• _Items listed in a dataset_
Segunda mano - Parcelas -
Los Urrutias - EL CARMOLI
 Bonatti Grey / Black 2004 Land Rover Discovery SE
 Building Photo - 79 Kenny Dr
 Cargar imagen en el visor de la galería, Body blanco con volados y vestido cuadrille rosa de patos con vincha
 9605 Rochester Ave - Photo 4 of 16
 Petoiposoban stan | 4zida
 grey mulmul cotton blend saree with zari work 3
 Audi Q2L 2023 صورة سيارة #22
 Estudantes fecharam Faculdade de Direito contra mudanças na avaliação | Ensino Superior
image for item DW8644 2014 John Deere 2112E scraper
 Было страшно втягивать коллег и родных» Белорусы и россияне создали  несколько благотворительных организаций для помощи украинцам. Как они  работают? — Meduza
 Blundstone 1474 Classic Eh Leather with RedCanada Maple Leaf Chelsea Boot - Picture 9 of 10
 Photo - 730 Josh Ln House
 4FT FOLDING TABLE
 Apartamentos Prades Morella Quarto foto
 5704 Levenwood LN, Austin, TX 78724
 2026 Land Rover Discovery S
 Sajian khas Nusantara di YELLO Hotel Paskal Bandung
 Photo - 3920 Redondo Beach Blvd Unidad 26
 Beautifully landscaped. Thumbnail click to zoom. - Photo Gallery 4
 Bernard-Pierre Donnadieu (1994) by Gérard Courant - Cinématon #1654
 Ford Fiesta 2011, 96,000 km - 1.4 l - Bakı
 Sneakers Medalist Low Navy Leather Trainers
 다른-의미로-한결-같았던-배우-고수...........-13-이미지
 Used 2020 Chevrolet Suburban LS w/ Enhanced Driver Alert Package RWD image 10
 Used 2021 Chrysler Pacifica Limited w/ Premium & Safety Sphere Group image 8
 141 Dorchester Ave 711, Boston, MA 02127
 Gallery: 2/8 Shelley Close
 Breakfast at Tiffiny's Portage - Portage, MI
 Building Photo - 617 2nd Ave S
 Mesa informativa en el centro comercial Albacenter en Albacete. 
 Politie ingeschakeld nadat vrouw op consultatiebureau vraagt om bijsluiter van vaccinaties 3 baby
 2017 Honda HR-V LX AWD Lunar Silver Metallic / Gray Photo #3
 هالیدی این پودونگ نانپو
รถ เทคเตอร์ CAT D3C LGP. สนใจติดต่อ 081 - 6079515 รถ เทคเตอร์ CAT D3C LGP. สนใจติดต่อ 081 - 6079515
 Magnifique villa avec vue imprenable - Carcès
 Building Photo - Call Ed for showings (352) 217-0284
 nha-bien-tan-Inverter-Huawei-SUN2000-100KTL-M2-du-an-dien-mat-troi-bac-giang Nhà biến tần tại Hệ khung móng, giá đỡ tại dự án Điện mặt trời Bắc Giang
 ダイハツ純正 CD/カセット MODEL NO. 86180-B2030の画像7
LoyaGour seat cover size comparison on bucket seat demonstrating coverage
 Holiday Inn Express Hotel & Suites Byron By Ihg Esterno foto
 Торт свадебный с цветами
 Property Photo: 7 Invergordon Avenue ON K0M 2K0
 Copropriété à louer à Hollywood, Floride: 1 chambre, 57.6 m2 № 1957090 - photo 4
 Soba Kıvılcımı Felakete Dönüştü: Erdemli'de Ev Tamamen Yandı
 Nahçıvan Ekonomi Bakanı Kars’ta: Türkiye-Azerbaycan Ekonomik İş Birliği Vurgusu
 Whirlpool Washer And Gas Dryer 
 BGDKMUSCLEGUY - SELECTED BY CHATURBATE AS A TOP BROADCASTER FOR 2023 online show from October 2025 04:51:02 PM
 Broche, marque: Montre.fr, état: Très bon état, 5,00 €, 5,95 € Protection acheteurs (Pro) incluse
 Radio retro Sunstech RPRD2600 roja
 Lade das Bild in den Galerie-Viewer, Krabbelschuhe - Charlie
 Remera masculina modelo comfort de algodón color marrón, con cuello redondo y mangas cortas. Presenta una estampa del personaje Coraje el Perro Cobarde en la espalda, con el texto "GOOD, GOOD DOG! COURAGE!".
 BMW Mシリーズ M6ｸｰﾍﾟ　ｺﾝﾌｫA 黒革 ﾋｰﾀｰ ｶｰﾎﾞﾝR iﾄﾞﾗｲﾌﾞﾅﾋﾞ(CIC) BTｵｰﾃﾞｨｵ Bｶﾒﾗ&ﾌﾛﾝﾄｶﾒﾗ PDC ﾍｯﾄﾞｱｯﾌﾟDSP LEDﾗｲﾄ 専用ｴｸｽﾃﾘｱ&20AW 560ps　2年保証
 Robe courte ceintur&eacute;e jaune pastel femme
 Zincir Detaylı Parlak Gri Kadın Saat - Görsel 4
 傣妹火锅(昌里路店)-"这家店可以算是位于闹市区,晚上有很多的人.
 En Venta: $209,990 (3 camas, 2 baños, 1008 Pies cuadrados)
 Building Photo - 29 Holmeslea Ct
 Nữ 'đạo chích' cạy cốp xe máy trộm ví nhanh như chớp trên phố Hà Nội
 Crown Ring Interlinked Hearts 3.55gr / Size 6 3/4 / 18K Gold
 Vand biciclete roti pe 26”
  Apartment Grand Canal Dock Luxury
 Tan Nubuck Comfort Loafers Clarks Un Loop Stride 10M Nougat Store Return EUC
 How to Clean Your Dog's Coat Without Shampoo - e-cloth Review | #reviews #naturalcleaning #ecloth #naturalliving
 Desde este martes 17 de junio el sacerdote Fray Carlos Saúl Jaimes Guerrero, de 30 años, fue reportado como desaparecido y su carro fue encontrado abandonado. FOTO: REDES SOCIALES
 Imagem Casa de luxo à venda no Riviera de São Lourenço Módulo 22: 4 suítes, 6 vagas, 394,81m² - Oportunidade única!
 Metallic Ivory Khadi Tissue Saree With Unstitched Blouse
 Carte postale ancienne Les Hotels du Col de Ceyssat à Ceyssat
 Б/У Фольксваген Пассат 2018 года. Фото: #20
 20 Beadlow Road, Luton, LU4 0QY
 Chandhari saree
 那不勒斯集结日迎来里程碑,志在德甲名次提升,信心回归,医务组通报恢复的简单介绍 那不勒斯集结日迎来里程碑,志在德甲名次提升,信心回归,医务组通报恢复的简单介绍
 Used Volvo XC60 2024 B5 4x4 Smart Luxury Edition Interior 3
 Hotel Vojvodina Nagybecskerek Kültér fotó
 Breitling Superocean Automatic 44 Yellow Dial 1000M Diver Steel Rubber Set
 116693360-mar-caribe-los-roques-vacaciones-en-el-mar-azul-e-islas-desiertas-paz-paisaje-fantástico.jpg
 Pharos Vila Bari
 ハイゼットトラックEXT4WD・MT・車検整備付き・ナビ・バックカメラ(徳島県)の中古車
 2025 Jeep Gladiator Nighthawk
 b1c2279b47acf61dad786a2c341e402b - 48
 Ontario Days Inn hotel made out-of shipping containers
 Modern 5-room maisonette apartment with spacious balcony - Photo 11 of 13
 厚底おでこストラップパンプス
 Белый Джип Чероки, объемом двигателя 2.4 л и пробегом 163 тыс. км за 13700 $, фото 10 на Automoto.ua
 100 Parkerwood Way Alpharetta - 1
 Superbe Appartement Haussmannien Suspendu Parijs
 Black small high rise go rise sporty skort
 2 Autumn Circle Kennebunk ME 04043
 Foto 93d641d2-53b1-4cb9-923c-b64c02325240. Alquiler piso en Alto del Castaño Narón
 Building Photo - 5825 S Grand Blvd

• _WHAT YOU HAVE TO DO_
Write out every entry once more, precisely as it stands.

• _FINAL ANSWER_
Segunda mano - Parcelas -
Los Urrutias - EL CARMOLI
 Bonatti Grey / Black 2004 Land Rover Discovery SE
 Building Photo - 79 Kenny Dr
 Cargar imagen en el visor de la galería, Body blanco con volados y vestido cuadrille rosa de patos con vincha
 9605 Rochester Ave - Photo 4 of 16
 Petoiposoban stan | 4zida
 grey mulmul cotton blend saree with zari work 3
 Audi Q2L 2023 صورة سيارة #22
 Estudantes fecharam Faculdade de Direito contra mudanças na avaliação | Ensino Superior
image for item DW8644 2014 John Deere 2112E scraper
 Было страшно втягивать коллег и родных» Белорусы и россияне создали  несколько благотворительных организаций для помощи украинцам. Как они  работают? — Meduza
 Blundstone 1474 Classic Eh Leather with RedCanada Maple Leaf Chelsea Boot - Picture 9 of 10
 Photo - 730 Josh Ln House
 4FT FOLDING TABLE
 Apartamentos Prades Morella Quarto foto
 5704 Levenwood LN, Austin, TX 78724
 2026 Land Rover Discovery S
 Sajian khas Nusantara di YELLO Hotel Paskal Bandung
 Photo - 3920 Redondo Beach Blvd Unidad 26
 Beautifully landscaped. Thumbnail click to zoom. - Photo Gallery 4
 Bernard-Pierre Donnadieu (1994) by Gérard Courant - Cinématon #1654
 Ford Fiesta 2011, 96,000 km - 1.4 l - Bakı
 Sneakers Medalist Low Navy Leather Trainers
 다른-의미로-한결-같았던-배우-고수...........-13-이미지
 Used 2020 Chevrolet Suburban LS w/ Enhanced Driver Alert Package RWD image 10
 Used 2021 Chrysler Pacifica Limited w/ Premium & Safety Sphere Group image 8
 141 Dorchester Ave 711, Boston, MA 02127
 Gallery: 2/8 Shelley Close
 Breakfast at Tiffiny's Portage - Portage, MI
 Building Photo - 617 2nd Ave S
 Mesa informativa en el centro comercial Albacenter en Albacete. 
 Politie ingeschakeld nadat vrouw op consultatiebureau vraagt om bijsluiter van vaccinaties 3 baby
 2017 Honda HR-V LX AWD Lunar Silver Metallic / Gray Photo #3
 هالیدی این پودونگ نانپو
รถ เทคเตอร์ CAT D3C LGP. สนใจติดต่อ 081 - 6079515 รถ เทคเตอร์ CAT D3C LGP. สนใจติดต่อ 081 - 6079515
 Magnifique villa avec vue imprenable - Carcès
 Building Photo - Call Ed for showings (352) 217-0284
 nha-bien-tan-Inverter-Huawei-SUN2000-100KTL-M2-du-an-dien-mat-troi-bac-giang Nhà biến tần tại Hệ khung móng, giá đỡ tại dự án Điện mặt trời Bắc Giang
 ダイハツ純正 CD/カセット MODEL NO. 86180-B2030の画像7
LoyaGour seat cover size comparison on bucket seat demonstrating coverage
 Holiday Inn Express Hotel & Suites Byron By Ihg Esterno foto
 Торт свадебный с цветами
 Property Photo: 7 Invergordon Avenue ON K0M 2K0
 Copropriété à louer à Hollywood, Floride: 1 chambre, 57.6 m2 № 1957090 - photo 4
 Soba Kıvılcımı Felakete Dönüştü: Erdemli'de Ev Tamamen Yandı
 Nahçıvan Ekonomi Bakanı Kars’ta: Türkiye-Azerbaycan Ekonomik İş Birliği Vurgusu
 Whirlpool Washer And Gas Dryer 
 BGDKMUSCLEGUY - SELECTED BY CHATURBATE AS A TOP BROADCASTER FOR 2023 online show from October 2025 04:51:02 PM
 Broche, marque: Montre.fr, état: Très bon état, 5,00 €, 5,95 € Protection acheteurs (Pro) incluse
 Radio retro Sunstech RPRD2600 roja
 Lade das Bild in den Galerie-Viewer, Krabbelschuhe - Charlie
 Remera masculina modelo comfort de algodón color marrón, con cuello redondo y mangas cortas. Presenta una estampa del personaje Coraje el Perro Cobarde en la espalda, con el texto "GOOD, GOOD DOG! COURAGE!".
 BMW Mシリーズ M6ｸｰﾍﾟ　ｺﾝﾌｫA 黒革 ﾋｰﾀｰ ｶｰﾎﾞﾝR iﾄﾞﾗｲﾌﾞﾅﾋﾞ(CIC) BTｵｰﾃﾞｨｵ Bｶﾒﾗ&ﾌﾛﾝﾄｶﾒﾗ PDC ﾍｯﾄﾞｱｯﾌﾟDSP LEDﾗｲﾄ 専用ｴｸｽﾃﾘｱ&20AW 560ps　2年保証
 Robe courte ceintur&eacute;e jaune pastel femme
 Zincir Detaylı Parlak Gri Kadın Saat - Görsel 4
 傣妹火锅(昌里路店)-"这家店可以算是位于闹市区,晚上有很多的人.
 En Venta: $209,990 (3 camas, 2 baños, 1008 Pies cuadrados)
 Building Photo - 29 Holmeslea Ct
 Nữ 'đạo chích' cạy cốp xe máy trộm ví nhanh như chớp trên phố Hà Nội
 Crown Ring Interlinked Hearts 3.55gr / Size 6 3/4 / 18K Gold
 Vand biciclete roti pe 26”
  Apartment Grand Canal Dock Luxury
 Tan Nubuck Comfort Loafers Clarks Un Loop Stride 10M Nougat Store Return EUC
 How to Clean Your Dog's Coat Without Shampoo - e-cloth Review | #reviews #naturalcleaning #ecloth #naturalliving
 Desde este martes 17 de junio el sacerdote Fray Carlos Saúl Jaimes Guerrero, de 30 años, fue reportado como desaparecido y su carro fue encontrado abandonado. FOTO: REDES SOCIALES
 Imagem Casa de luxo à venda no Riviera de São Lourenço Módulo 22: 4 suítes, 6 vagas, 394,81m² - Oportunidade única!
 Metallic Ivory Khadi Tissue Saree With Unstitched Blouse
 Carte postale ancienne Les Hotels du Col de Ceyssat à Ceyssat
 Б/У Фольксваген Пассат 2018 года. Фото: #20
 20 Beadlow Road, Luton, LU4 0QY
 Chandhari saree
 那不勒斯集结日迎来里程碑,志在德甲名次提升,信心回归,医务组通报恢复的简单介绍 那不勒斯集结日迎来里程碑,志在德甲名次提升,信心回归,医务组通报恢复的简单介绍
 Used Volvo XC60 2024 B5 4x4 Smart Luxury Edition Interior 3
 Hotel Vojvodina Nagybecskerek Kültér fotó
 Breitling Superocean Automatic 44 Yellow Dial 1000M Diver Steel Rubber Set
 116693360-mar-caribe-los-roques-vacaciones-en-el-mar-azul-e-islas-desiertas-paz-paisaje-fantástico.jpg
 Pharos Vila Bari
 ハイゼットトラックEXT4WD・MT・車検整備付き・ナビ・バックカメラ(徳島県)の中古車
 2025 Jeep Gladiator Nighthawk
 b1c2279b47acf61dad786a2c341e402b - 48
 Ontario Days Inn hotel made out-of shipping containers
 Modern 5-room maisonette apartment with spacious balcony - Photo 11 of 13
 厚底おでこストラップパンプス
 Белый Джип Чероки, объемом двигателя 2.4 л и пробегом 163 тыс. км за 13700 $, фото 10 на Automoto.ua
 100 Parkerwood Way Alpharetta - 1
 Superbe Appartement Haussmannien Suspendu Parijs
 Black small high rise go rise sporty skort
 2 Autumn Circle Kennebunk ME 04043
 Foto 93d641d2-53b1-4cb9-923c-b64c02325240. Alquiler piso en Alto del Castaño Narón
 Building Photo - 5825 S Grand Blvd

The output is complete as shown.